### Work order
For the copy, please give all of the data again exactly and leave the pictures out.

### Data for this task
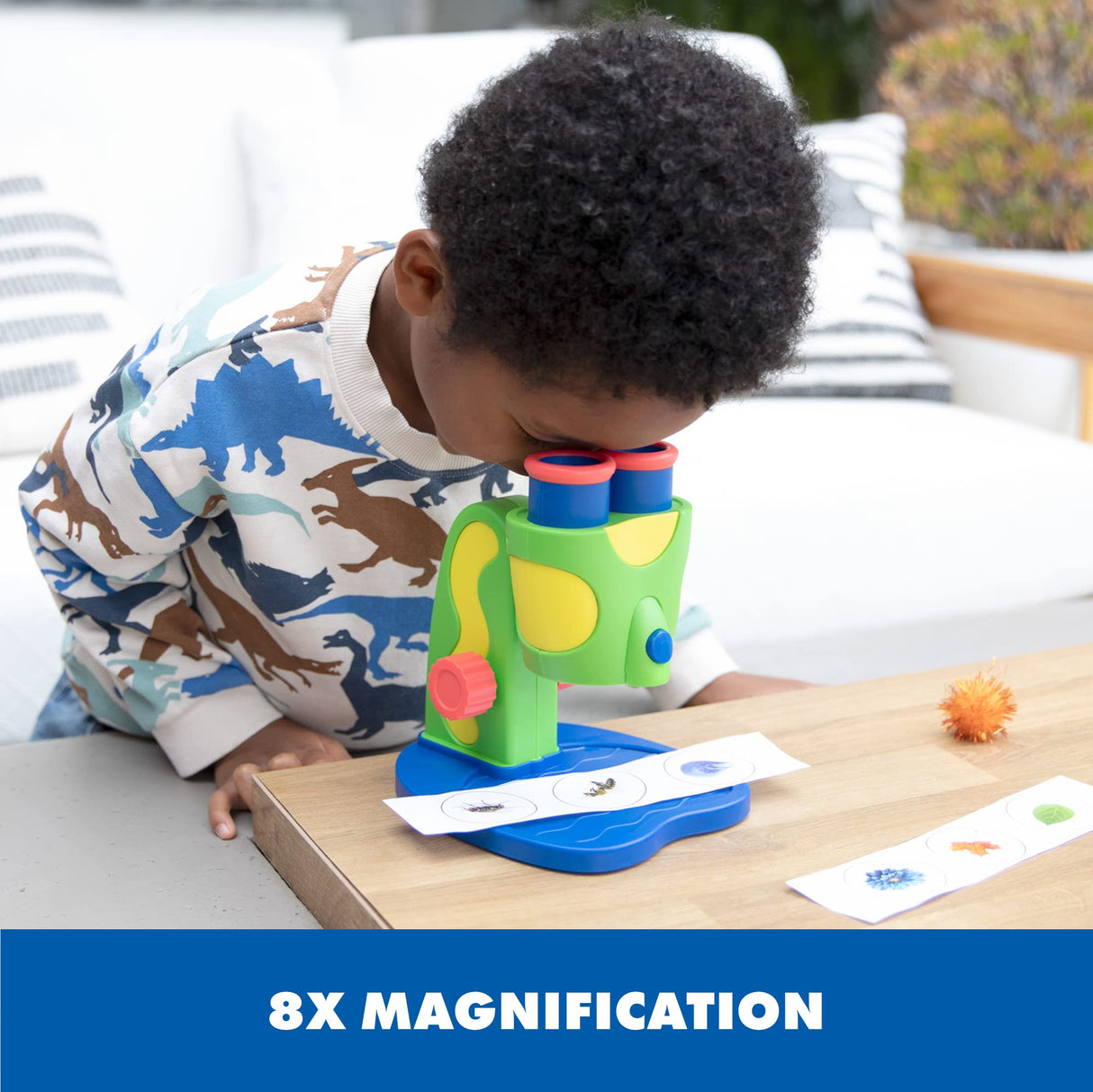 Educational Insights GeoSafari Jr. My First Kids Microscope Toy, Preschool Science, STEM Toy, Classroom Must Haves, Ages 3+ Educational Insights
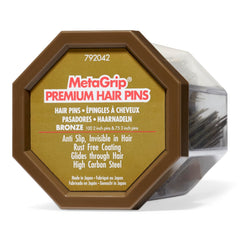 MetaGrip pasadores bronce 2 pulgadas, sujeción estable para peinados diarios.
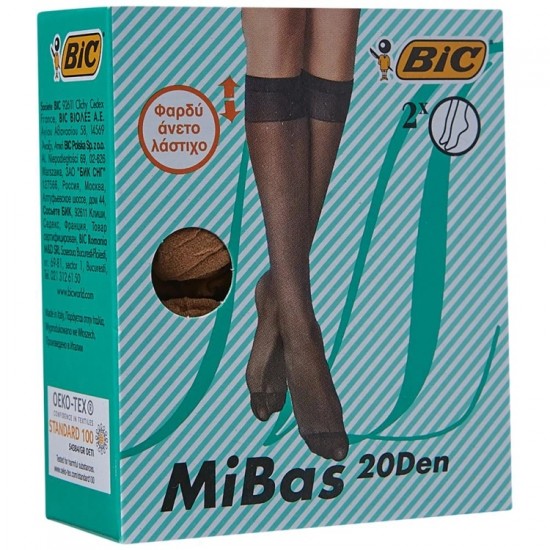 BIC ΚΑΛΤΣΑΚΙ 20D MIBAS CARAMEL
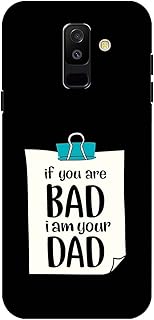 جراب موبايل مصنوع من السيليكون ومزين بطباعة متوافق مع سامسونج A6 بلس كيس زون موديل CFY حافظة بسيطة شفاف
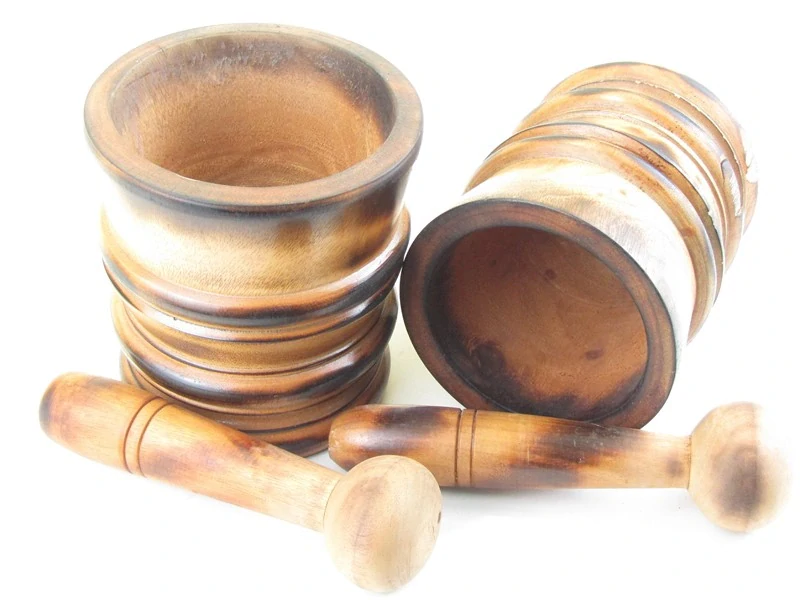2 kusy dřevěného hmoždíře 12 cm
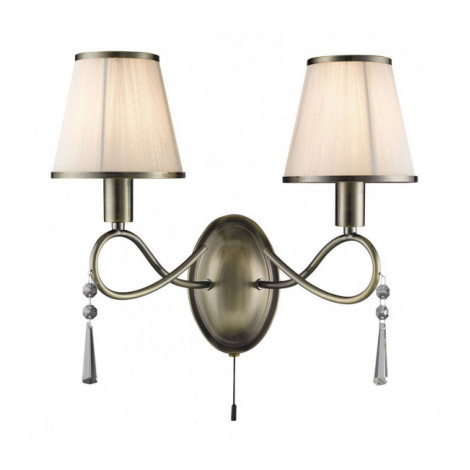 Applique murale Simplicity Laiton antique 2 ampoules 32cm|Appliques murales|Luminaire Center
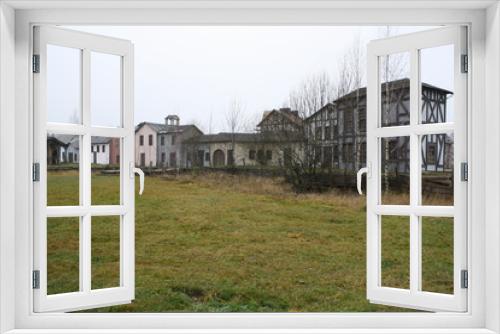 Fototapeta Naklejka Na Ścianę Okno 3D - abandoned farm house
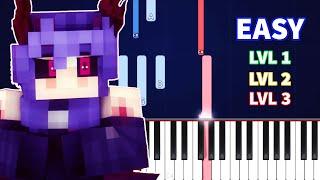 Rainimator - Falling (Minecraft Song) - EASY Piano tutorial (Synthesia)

### Exercise result
 Educational Insights GeoSafari Jr. My First Kids Microscope Toy, Preschool Science, STEM Toy, Classroom Must Haves, Ages 3+ Educational Insights
 MetaGrip pasadores bronce 2 pulgadas, sujeción estable para peinados diarios.
 BIC ΚΑΛΤΣΑΚΙ 20D MIBAS CARAMEL
 جراب موبايل مصنوع من السيليكون ومزين بطباعة متوافق مع سامسونج A6 بلس كيس زون موديل CFY حافظة بسيطة شفاف
2 kusy dřevěného hmoždíře 12 cm
 Applique murale Simplicity Laiton antique 2 ampoules 32cm|Appliques murales|Luminaire Center
 Fototapeta Naklejka Na Ścianę Okno 3D - abandoned farm house
 Rainimator - Falling (Minecraft Song) - EASY Piano tutorial (Synthesia)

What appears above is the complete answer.